The goal of Pangeo is to make it quicker and easier to go from raw data to scientific insights. We want to spend less time writing boilerplate code and be able to perform calculations quickly and interactively on very large datasets. Pangeo is based around the python programming language and the scientific python software ecosystem. Pangeo is aimed at users who already have basic familiarity with using scientific python and are looking for ways to make their analysis workflow more efficient, scalable, and pleasant. If you are completely new to scientific python, you should first familiarize yourself with the basics before moving forward with this guide.
Pangeo is not a specific software package. A Pangeo environment is made of up of many different open-source software packages. Each of these packages has its own repository, documentation, and development team. You can learn more about these packages by following the links below. This loose collection of packages is often referred to as the Pangeo stack.

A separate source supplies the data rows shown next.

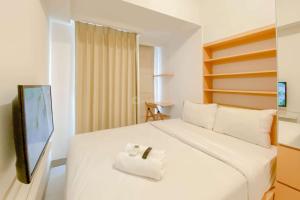 ein Schlafzimmer mit einem weißen Bett und einem Fernseher in der Unterkunft Cozy Studio Apartment Tokyo Riverside PIK 2 By Travelio in Rawalembang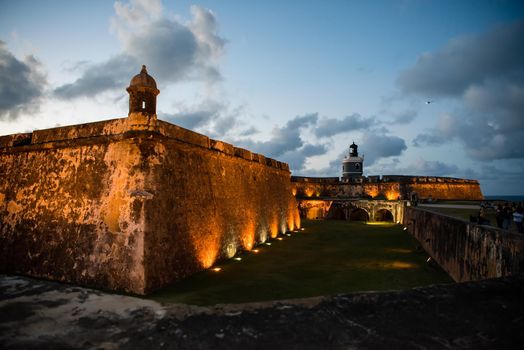 Castillo San Felipe del Morro of San Juan, Puerto Rico, a castle fortress at sunset. Generations of soldiers lived at the fort and visitors today are inspired by the stories and architecture.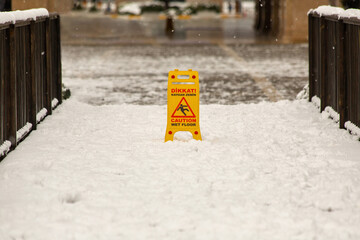 A sign warning of slippery ground on snow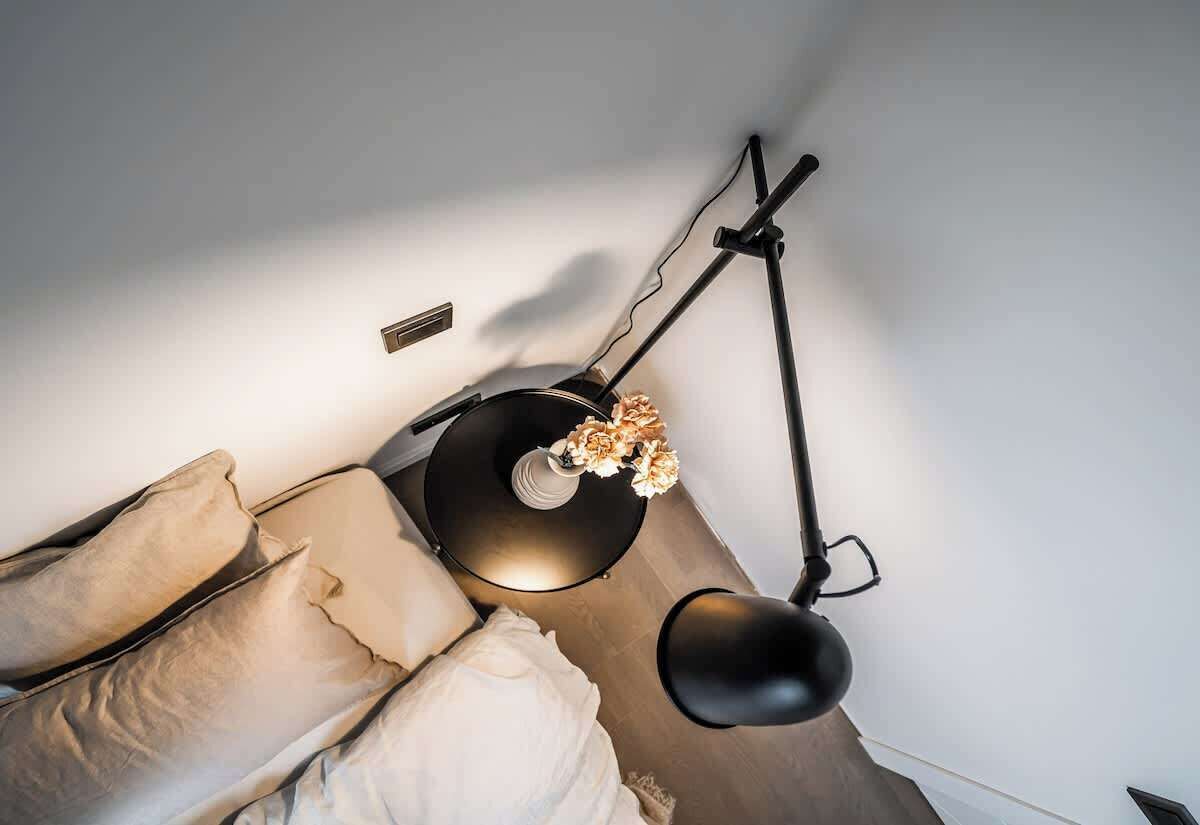 Una cama con almohadillas color beige y una lámpara negra sobre una pared blanca.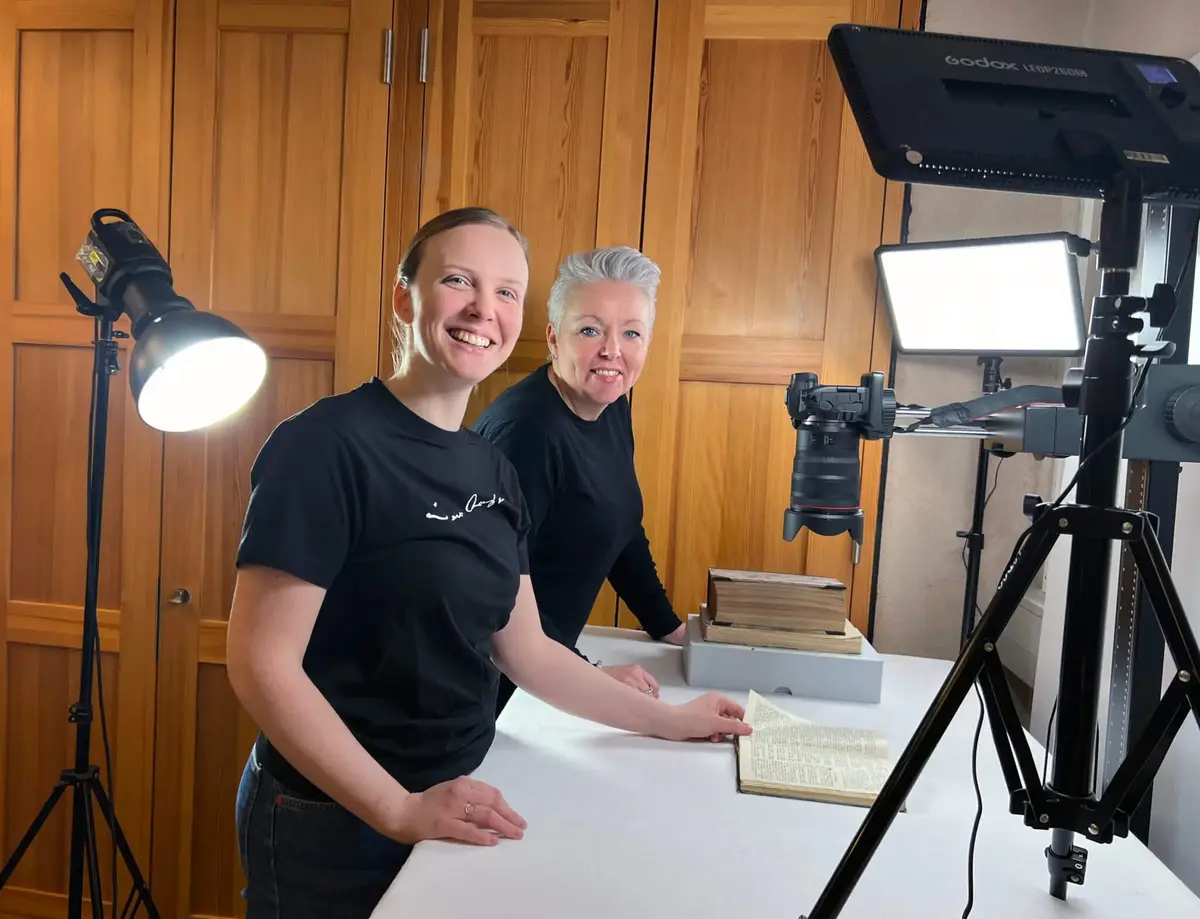 Stine Stennes Hovdenakk og Siri Beate Gjerde smiler mot fotografen ved høg arbeidsbenk med bøker, kamera og lampar. 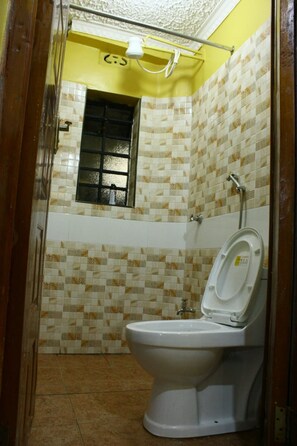 Apartment, 2 Bedrooms | Bathroom | Shower, rainfall showerhead, free toiletries, towels - At Home With Karuris (Eldoret)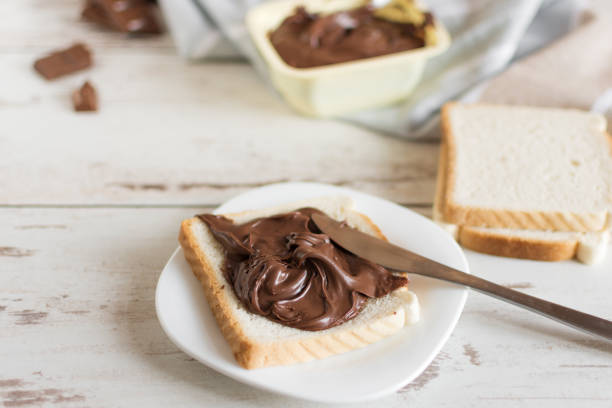 istock Delicious toast bread with chocolate paste on plate closeup. 1170902659
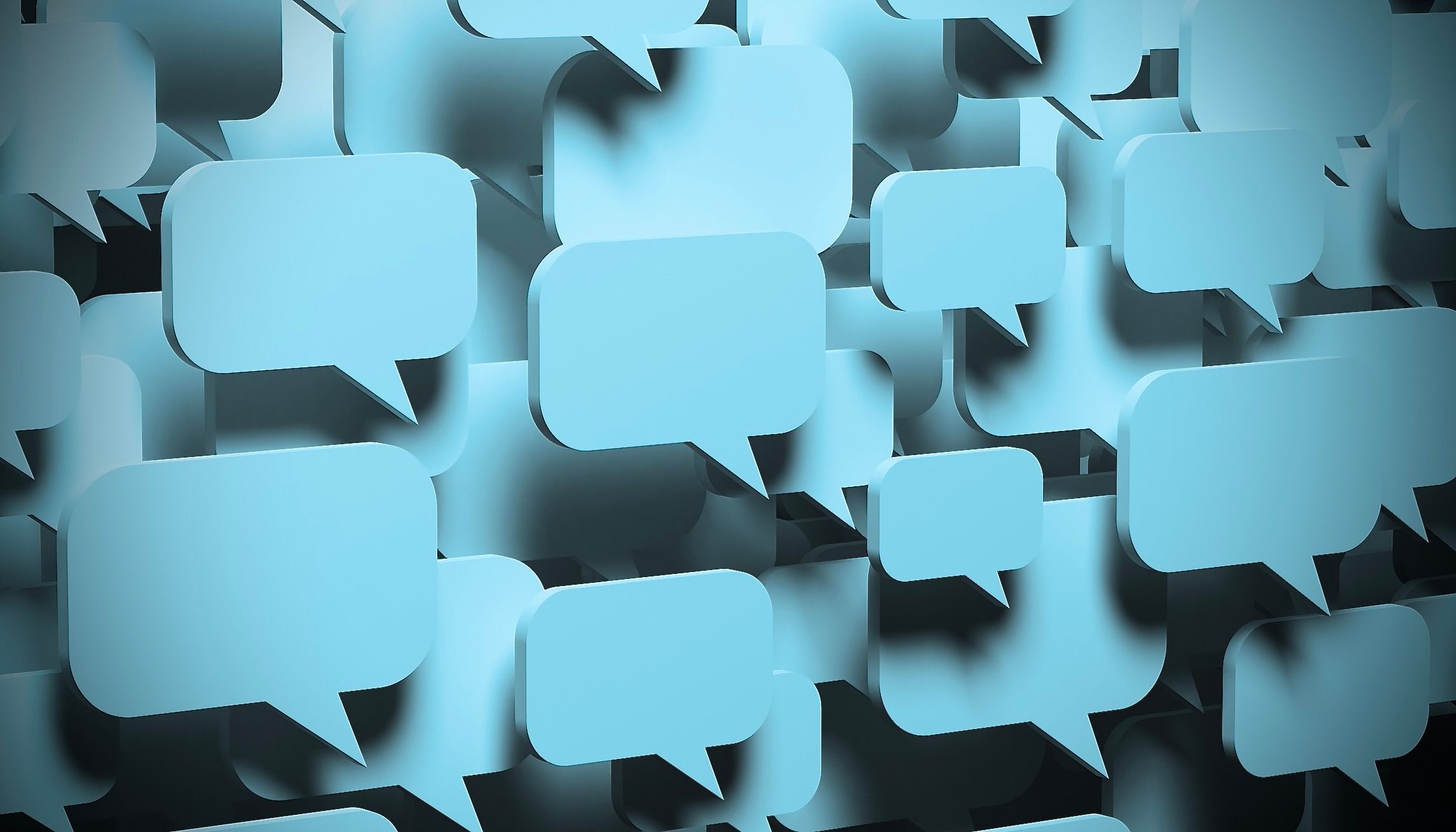 Une image de bulles de dialogue vides, pâles et bleues, se chevauchant et flottant en cluster.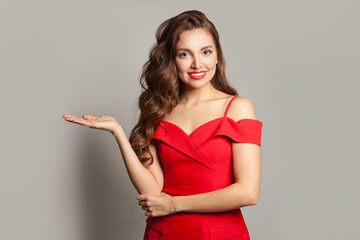 Confident woman holding empty open palm hand and looking at camera on white background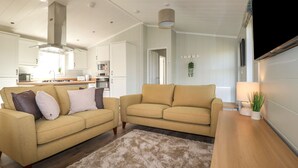 A modern living room with two sofas, a coffee table, and a TV. - 23 Meadow Retreat (Liskeard)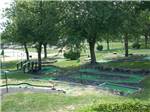 Mini golf course with trees at ROUND TOP CAMPGROUND - thumbnail
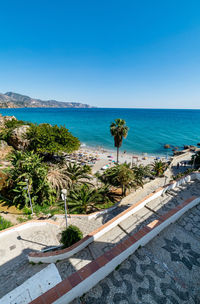 Scenic view of sea against clear blue sky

For more information about how these packages relate to each other, consult the Technical Architecture page.
Pangeo Gallery showcases real-world science applications of the Pangeo stack. The use cases are formatted as Jupyter Notebooks, a self-describing computational document including text, code, and figures. A great way to get started is to find a use case that is similar to the analysis you want to do and modify it to suit your needs.
A great way for novices to learn how to use Pangeo is to start from one of these use cases and modify it for your needs.
The best way to try out Pangeo is to explore one of the interactive Binders in Pangeo Gallery. If you’re interested in working in a cloud based environment, you can sign up for Pangeo Cloud. If none of these meets your needs, you can create your own deployment on HPC or cloud by following the Deployment Setup Guides.
Pangeo is a work in progress. We need engagement from scientists like you to realize the goals of the project. Currently, the best way to provide your feedback and interact with the Pangeo community is via the Pangeo GitHub issue tracker. We use this a forum to discuss all details of the project. Please drop in and share what you are working on, including any challenges your have encountered along the way.
If you are using Pangeo for your research, we would love to include an example in the Pangeo Gallery. It’s easy to add a new gallery! Feel free to raise an issue on the Pangeo Discourse Forum to propose your use case.
Datasets are central to Pangeo. Our goal is to bring the computing to the data, rather than the other way around. If you have data you would like to make accessible to Pangeo, your best bet is to place it on a large shared HPC cluster or in cloud storage. You can then add your dataset to catalog.pangeo.io. via the GitHub repo https://github.com/pangeo-data/pangeo-datastore.
The success of the Pangeo project depends on the sustainable development of the underlying Packages. A great way to contribute to Pangeo is to contribute to those packages. Some ways to do this include:
helping to improve the documentation of these packages
raising issues on the package github repositories to report bugs or identify missing features
fixing bugs or implementing new features yourself